Rowan University has received a $1.9 million federal grant from the National Science Foundation to expand engineering opportunities to a more diverse population.
The grant, the largest grant ever awarded to a Rowan professor by the foundation, is went to Beena Sukumaran, who will lead a team conducting research to improve diversity in engineering at the university.
"We have to recognize that when we bring together a diverse group of students, we enhance every student's academic experience and better prepare our future engineers," Sukumaran said.
"Rethinking Engineering Diversity, Transforming Engineering Diversity" is the official name of the five-year program to draw more women and underrepresented populations to the engineering department at Rowan.
"This is important for our nation's future and global competitiveness," Sukumaran said. "If we do not have students from various backgrounds and cultures, we cannot effectively compete in a global marketplace."
The efforts will include elements such as changing admission standards by considering rigor of courses taken in high school, high school grades, volunteer activities and personal background and experiences rather than relying heavily on SAT/ACT scores; enhancing the perception and understanding of diversity and equality among students, faculty and administrators to develop inclusiveness; working with Rowan's existing programs to identify and assist students from lower socioeconomic backgrounds get into college and graduate on time; and transform the existing second- and third-year engineering curriculum to a more inclusive approach.
"Diversity is a challenge every college of engineering deals with," said Ali Houshmand, president of Rowan University. "But we have some forward-thinking engineering professors, and we've been working to address this imbalance.

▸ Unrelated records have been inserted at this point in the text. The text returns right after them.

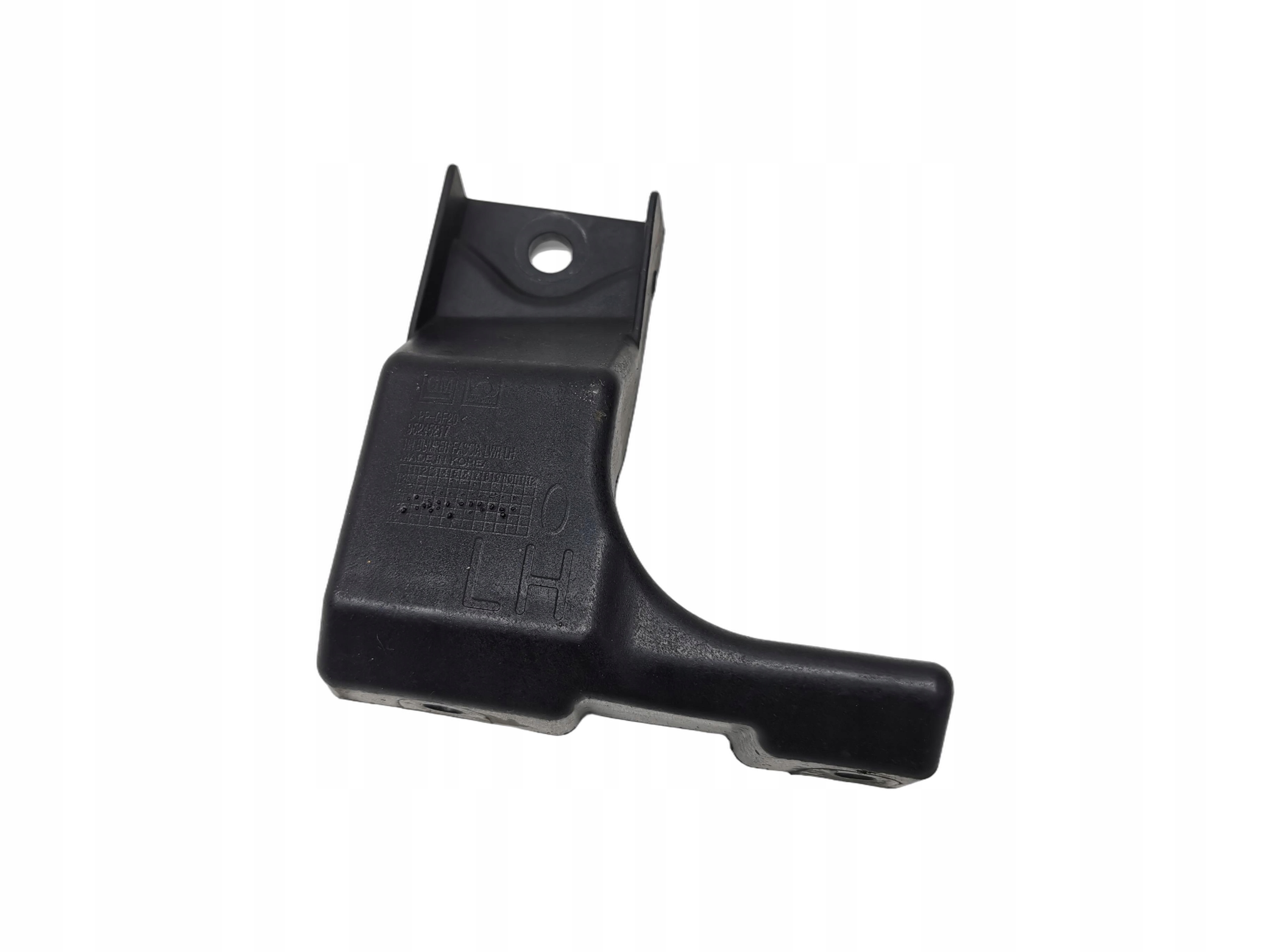 bumper bracket left rear part OPEL MOKKA A 2012-2016 95245217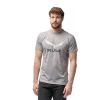 Футболка Salewa Solidlogo Dri-Release 27018 4530 - 44/XS - помаранчевий (013.012.1240) изображение 3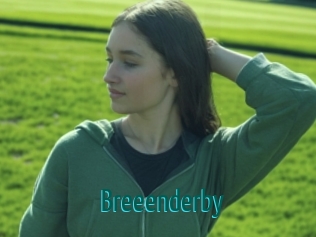 Breeenderby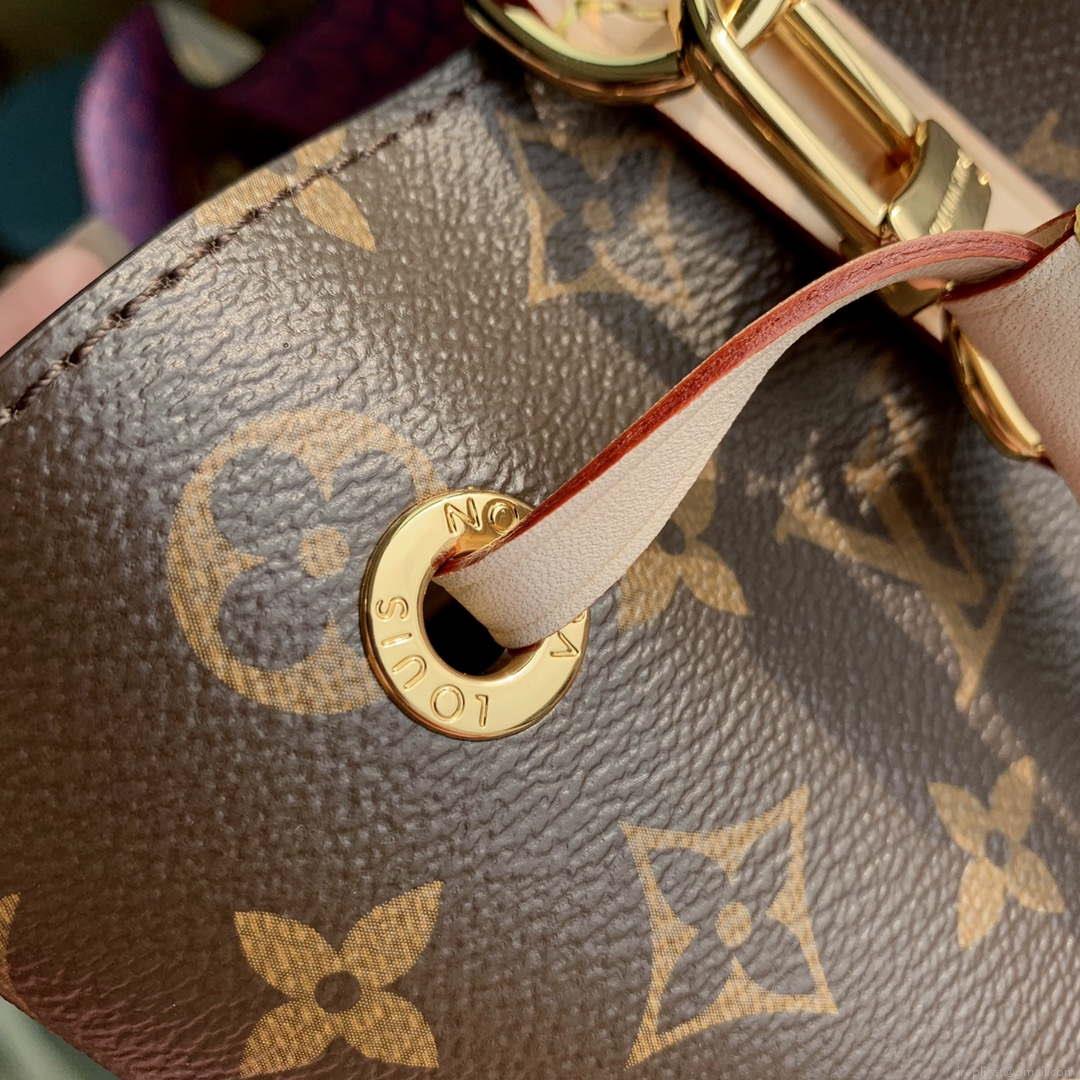 Louis Vuitton M46473 LV x YK Néonoé MM Bag Monogram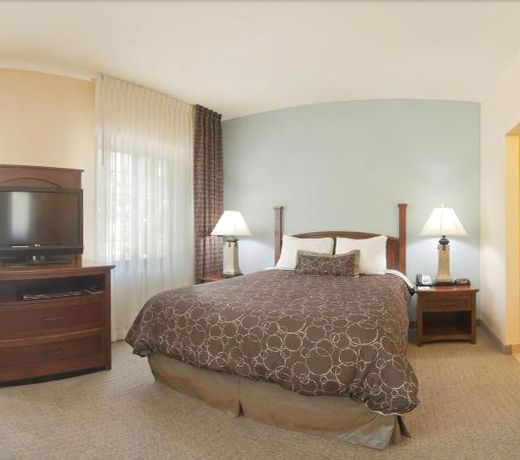 Staybridge Suites Lafayette-Airport, an IHG Hotel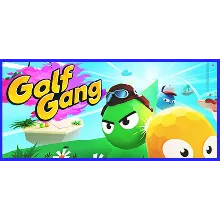 Golf Gang (Steam Key/Region Free)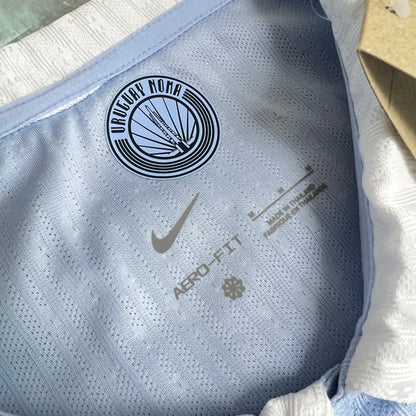 Uruguay Home Jersey Player 2026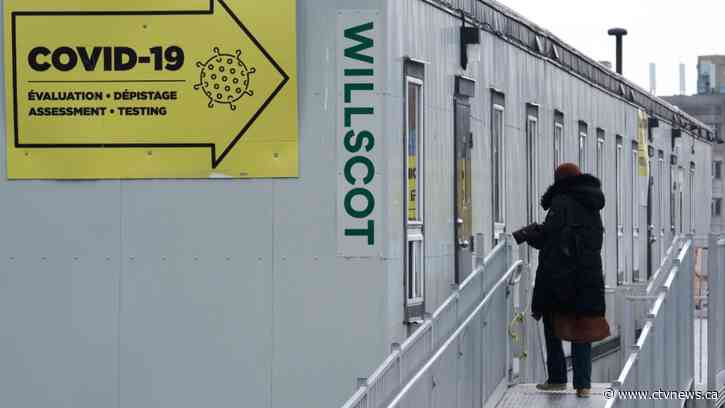 Another COVID wave 'almost baked in' for the fall: top Ont. science adviser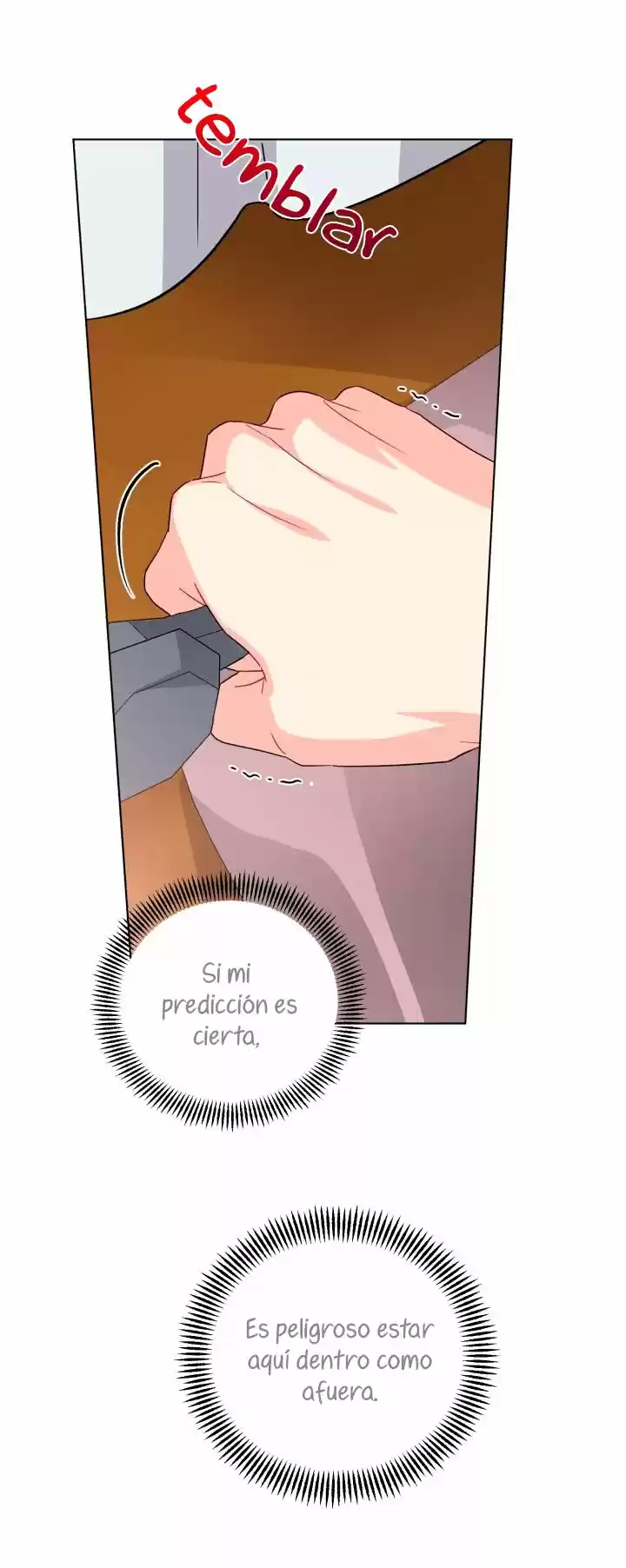 Recibi Una Propuesta Del Villano - Capítulo 10 - Página 41 - LectorTMOo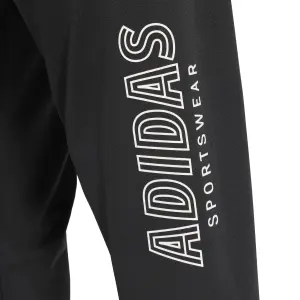 Långbyxor adidas Tiro Wordmark image-5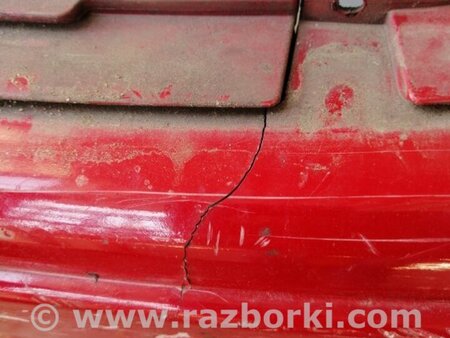 ФОТО Бампер для Subaru Impreza GD/GG Киев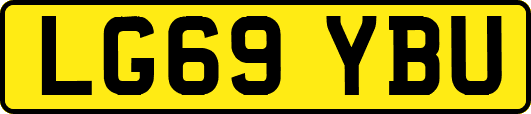 LG69YBU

Dr. Sukumaran's grant will enable us to break new ground."
In order to help other institutions implement the program, the Rowan team will host webinars and conference workshops on transforming engineering education and consult with other institutions interested in implementing its model.
"Nothing should get in the way of a student's dream just because opportunity may be out of reach," said U.S. Rep. Donald Norcross in a press release. "The field of engineering, like all job fields, should be representative of America. Rowan University's engineering program will not only mirror the population of the United States, but serve as a model for other colleges and universities. They should be proud of this pioneering achievement."